A portion of voltage V 0 is compared with the voltage of diode Z2 by means of transistor Tr5. The measured difference determines the collector current of transistor Tr5 and consequently the emitter current of transistor Tr4. This emitter current produces across resistor R6 a voltage drop whose polarity is the opposite of the polarity of the voltage source formed by resistor R7 and capacitor C4. Under the influence of this voltage drop the turn-on instant of thyristor Tr2, Tr3 is controlled as a function of voltage V 0 . If, for example, voltage V 0 tends to decrease owing to an increasing load thereon and/or in response to a decrease in voltage V B , then the collector current of transistor Tr5 decreases and consequently also the said voltage drop. Thyristor Tr2, Tr3 is turned on at a later instant than would otherwise be the case, causing transistor Tr1 to be cut-off at a later instant. The final value of the collector current of this transistor is consequently higher. Consequently, the ratio of the time interval in which transistor Tr1 is conductive to the entire period, commonly referred to as the duty cycle, increases, while the frequency decreases.
The circuit is protected from overvoltage. This is ensured by a thyristor which is formed by a pnp-transistor Tr6 and an npn-transistor Tr7. The anode of a diode D9 is connected to the junction of components R3 and C2 and the cathode to the base of transistor Tr6 and to the collector of transistor Tr7. The base of transistor Tr7, which base is connected to the collector of transistor Tr6, is connected via a zener diode Z3 to a voltage which, by means of a potentiometer R13 is adjusted to a value derived from the voltage across capacitor C7. The emitter of transistor Tr6 also is connected to the voltage of capacitor C7, more specifically via a resistor R14 and a diode D10. If this voltage increases to above a predetermined value then thyristor Tr6, Tr7 becomes conductive. Since the emitter of transistor Tr7 is connected to ground, the voltage at its collector becomes very low, as a result of which diode D9 becomes conductive, which keeps transistor Tr1 in the non-conducting state. This situation is maintained as long as thyristor Tr6, Tr7 continues to conduct. This conduction time is predominantly determined by the values of capacitor C7, resistor R14 and a resistor R15 connected between the base and the emitter of transistor Tr6. A thyristor is advantageously used here to render it possible to switch off a large current even with a low level signal and to obtain the required hysteresis.

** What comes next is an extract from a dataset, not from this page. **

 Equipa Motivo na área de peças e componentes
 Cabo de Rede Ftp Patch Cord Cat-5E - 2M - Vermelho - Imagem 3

The circuit comprises a 1 MOhm starting resistor R16, one end of which is connected to the base of transistor Tr2 and the other end to the conductor which carries the voltage V B . Upon turn-on of the circuit current flows through resistors R16 and R5 and through capacitor C2, which has as yet no charge, to the base of transistor Tr1. The voltage drop thus produced across resistor R5 keeps transistor Tr2, and consequently also transistor Tr3, in the non-conductive state, while transistor Tr1 is made conductive and is maintained so by this current. Current also flows through winding L2. In this manner the circuit can start as energy is built up in transformer T.
The supply circuit can be brought into the stand-by state by making an npn-transistor Tr8, which is non-conductive in the operating state, conductive. The emitter of transistor Tr8 is connected to ground while the collector is connected to the collector of transistor Tr5 via a 1.8 kOhm resistor R17. A resistor R18 has one end connected to the base of transistor Tr8 and the other end, either in the operating state to ground, or in the stand-by state to a positive voltage of, for example, 5 V. Transistor Tr8 conducts in response to this voltage. An additional, large current flows through diode D8 and consequently also through transistor Tr4, resulting in thyristor Tr2, Tr3 being made conductive and transistor Tr1 being made non-conductive and maintained so. So to all appearances a large control current is obtained causing the duty cycle to be reduced to zero. A condition for a correct operation is that the emitter current of transistor Tr4 be sufficiently large in all circumstances, which implies that the voltage drop produced across resistor R6 by this current is always higher than the sum of the voltage across voltage source R7, C4, of the base-emitter threshold voltage of transistor Tr3 in the conductive state thereof, and of the voltage at the emitter of transistor Tr1. So the said voltage drop must be higher than the sum of the first two voltages, which corresponds to the worst dimensioning case in which the stand-by state is initiated while transistor Tr1 is in the non-conductive state.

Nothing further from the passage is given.